Calvinism has saved Protestantism from being overwhelmed by the Counter-Reformation. And it has done so on a world-wide scale by the possibility of alliances of Protestants all over the world – Cromwell especially did this – the world alliances

which we still have in this country, as an idea of allying the good people against the evil people; of course the evil people are the political enemies, but this is done in the name of the good people, which is something the Lutherans would not do; when they tried it they fell down. This gave Calvinism a tremendous international power.

There is another element in Calvinism, namely the possibility of revolution. If you read Calvin you think this is even worse than Luther. He certainly said that all revolution is against. the law of God, as Luther did. Then he makes an exception which has become decisive for West European history, He said that although no individual citizen should be allowed to make a revolution, the lower magistrates should be able and willing to make a revolution if the natural law, to which every ruler is subjected, should be contradicted by this ruler. Then the lower magistrates have the duty to revolt against him

Now this of course is a possibility that in a democracy such as ours, where all of us are lower magistrates – by voting, we establish the government – under these

circumstances revolution is, universally permissible. And this was the situation in Western Europe, where the kings and queens were mostly on the side of Catholicism, and Protestantism could be saved only by people who were convinced that in the name of God they can fight against their kings and queens, if kings and queens suppress the true Gospel, namely the purified Gospel of the Reformation.

Let me say a few words about his doctrine of the authority of scripture.. This is a very important point insofar as it was the way in which, finally, biblicism developed in all groups of Protestant faith. The Bible for Calvin is a law of truth, and of course also a law of word. At length, that the truth might remain in the world in a continual course of instruction to all ages, he determined that the same oracles which he had deposited with the patriarchs should be committed to public records. With this design the Law was promulgated, to which the prophets were afterwards annexed as its first interpreters. The Bible, therefore, must above all be obeyed. It contains a "heavenly doctrine." This was necessary – although again an adaptation – because of the mutability of the human mind. This was the necessary way to preserve the doctrines of Christianity by writing them down, and making, as Calvin says, God's instructions speaks of "the peculiar school of the children of God."

Now all this can be harmless, or can be the opposite, and there is much discussion going on as to how to interpret his doctrine of the Scripture.
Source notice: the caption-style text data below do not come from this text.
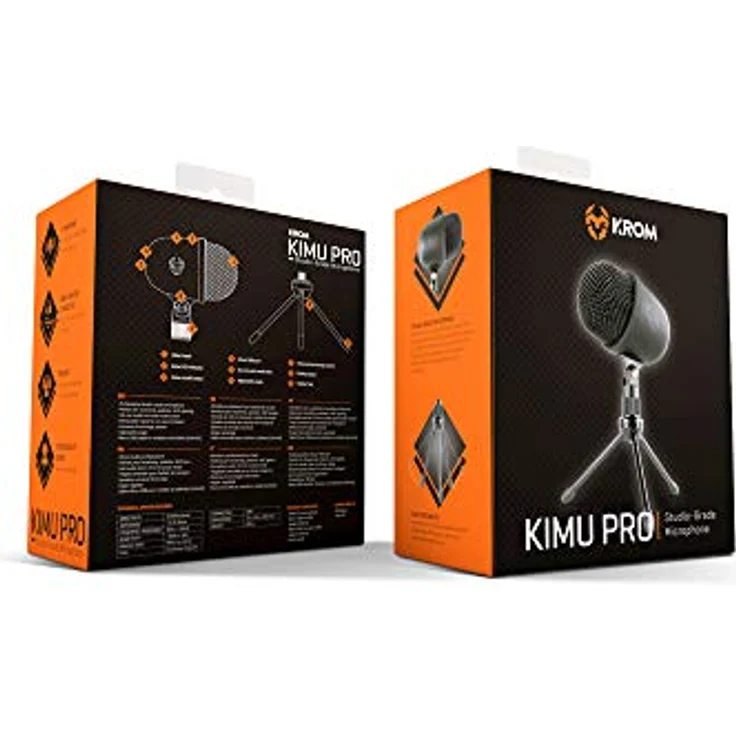 Krom Mikrofon Gaming Kimu Pro – Bild 9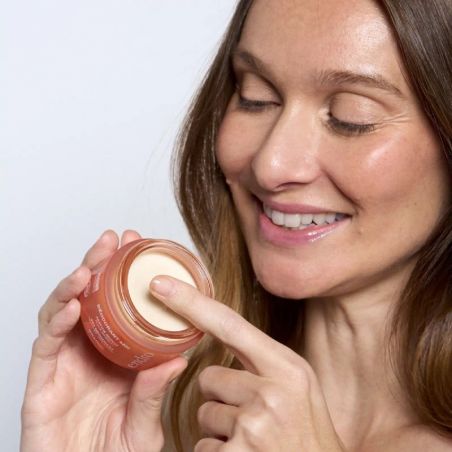 Déodorant baume peaux sensibles Monoï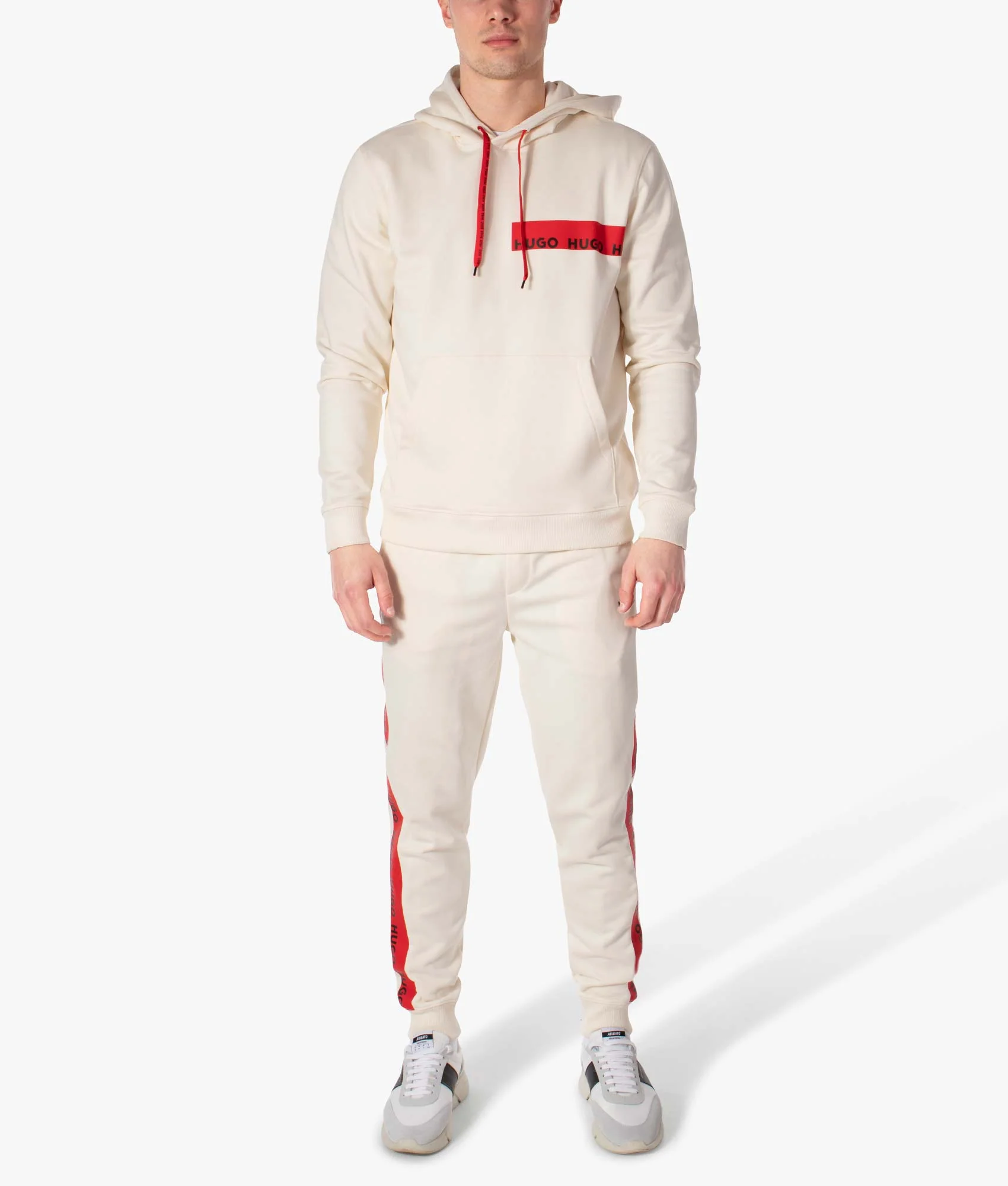 Relaxed Fit Diorgione Hoodie - Image 5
In any case the answer is that this doctrine is absolute, but it is absolute only for those to whom the Divine Spirit gives the testimony that this book contains the absolute truth. But if this is done, then we can witness to the whole Bible as an authoritarian book of a radically authoritarian character.
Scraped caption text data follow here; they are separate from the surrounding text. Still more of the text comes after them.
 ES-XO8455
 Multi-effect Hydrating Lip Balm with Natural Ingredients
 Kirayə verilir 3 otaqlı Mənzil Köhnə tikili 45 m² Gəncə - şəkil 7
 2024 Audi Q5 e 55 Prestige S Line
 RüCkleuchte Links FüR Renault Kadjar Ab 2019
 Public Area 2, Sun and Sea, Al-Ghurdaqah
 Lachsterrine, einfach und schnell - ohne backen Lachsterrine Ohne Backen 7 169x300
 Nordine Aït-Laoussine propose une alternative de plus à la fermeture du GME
The form of the Biblical authority is derived from the fact that the Bible is composed under the dictation of the Holy Spirit. This term, "dictation of the Holy Spirit," is something which produced the doctrine of verbal inspiration, in a way which surpasses anything which existed in Calvinism, and in contradicting the Protestant principle as such: t he disciples were "pens" of Christ; all elements which come from them were superseded by the Divine Spirit which testifies that in this book the oracles of God are contained. "Between the apostles and their successors, however, there is this difference – that the apostles were the certain and authentic amanuenses of the Holy Spirit, and therefore their writings are to be received as the oracles of God." Out of the mouth of God" the Bible is written, i.e., the whole Bible; the distinction between the Old and New Testaments largely disappears. And you can find this still today in every Calvinistic country.